As someone overseeing sales at a $200M ARR brand in fast-growth mode, I wanted to share three learnings I’ve taken away over the past couple of years and how Docebo’s go to market teams are leveraging them to drive success amidst today’s evolving market.
1. Predictability, productivity, and proactivity all matter—but serve different roles
- Predictability. Predictability hinges on making internal workflows repeatable and precise. Revenue teams need to be constantly assessing customer health and identifying early warning signs of escalation or churn. And AI-driven solutions play a key role here—putting signals from customer interaction data at the heart of the revenue operating rhythm, helping onboard customers, and delivering immediate value across sales, customer success, and marketing. Leadership relies on these insights to make informed strategic decisions.
- Productivity. Managing productivity means measuring various metrics accurately, from the company level to individual reps. Technologies that understand all customer interactions allow for a strategic approach to assessing key metrics like customer acquisition cost (CAC) and lifetime value (LTV), and make clear where to increase investment or initiate specific initiatives.

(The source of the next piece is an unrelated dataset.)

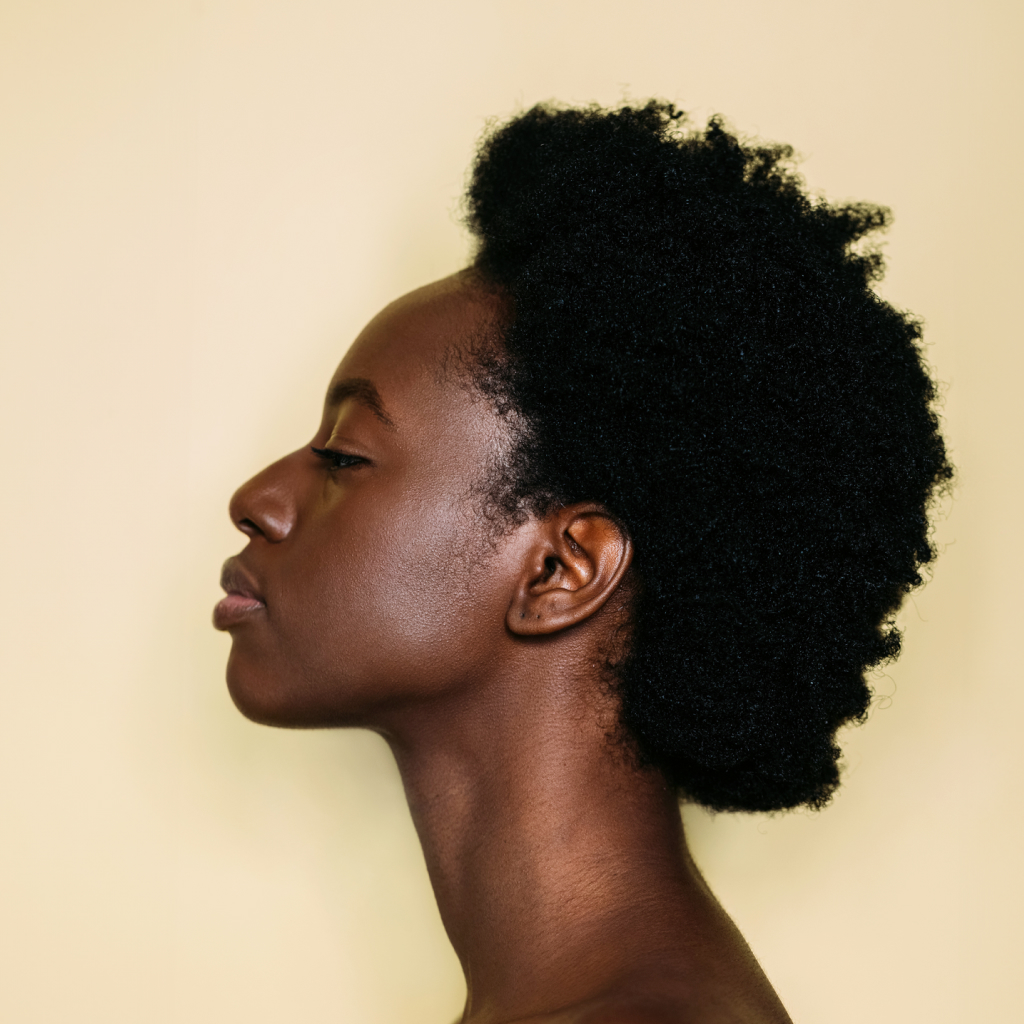 side profile of women with curly hair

- Proactivity. And finally, proactivity involves looking for opportunities to consolidate processes to drive efficiency across GTM functions. By asking how to achieve end results more efficiently, whether through reducing steps or implementing new software, leaders can quickly inform key initiatives to drive efficiency.
2. Using AI to power workflow automation and intelligence
AI is a significant driver of efficiency, with its true value extending beyond generative applications to tools trained on models relevant to specific applications. Over time, companies will find better AI use cases by training on these models or partnering with specialists. AI can surface insights on prospects and customers, convert complex interactions into measurable business intelligence data, and automate engagement across the entire customer lifecycle. This leads to better decision-making based on intelligent trends and enables smarter pipeline management.
3. Buyers are hyper-diligent and hyper-focused on consolidation
As buyers become more ROI-driven, they’re doing extensive upfront research on solutions.
By the time they engage with a company, they have read reviews, absorbed thought leadership, and consulted industry contacts. This diligence requires sellers to support the buyer’s journey effectively. Additionally, buyers seek to consolidate tools, avoiding multiple solutions that serve similar roles. Efficiency is key—so tools that streamline processes and minimize the number of platforms used are preferred.
When evaluating new technology, rep productivity is a primary focus. Seventy percent of reps’ time is spent on non-sales activities, so the goal is to maximize their sales time. Solutions that handle administrative tasks with high accuracy and allow reps to focus on high-value sales activities are central to an efficient tech stack. More software does not necessarily yield more efficiency; the aim is to alleviate administrative burdens and enable reps to concentrate on selling.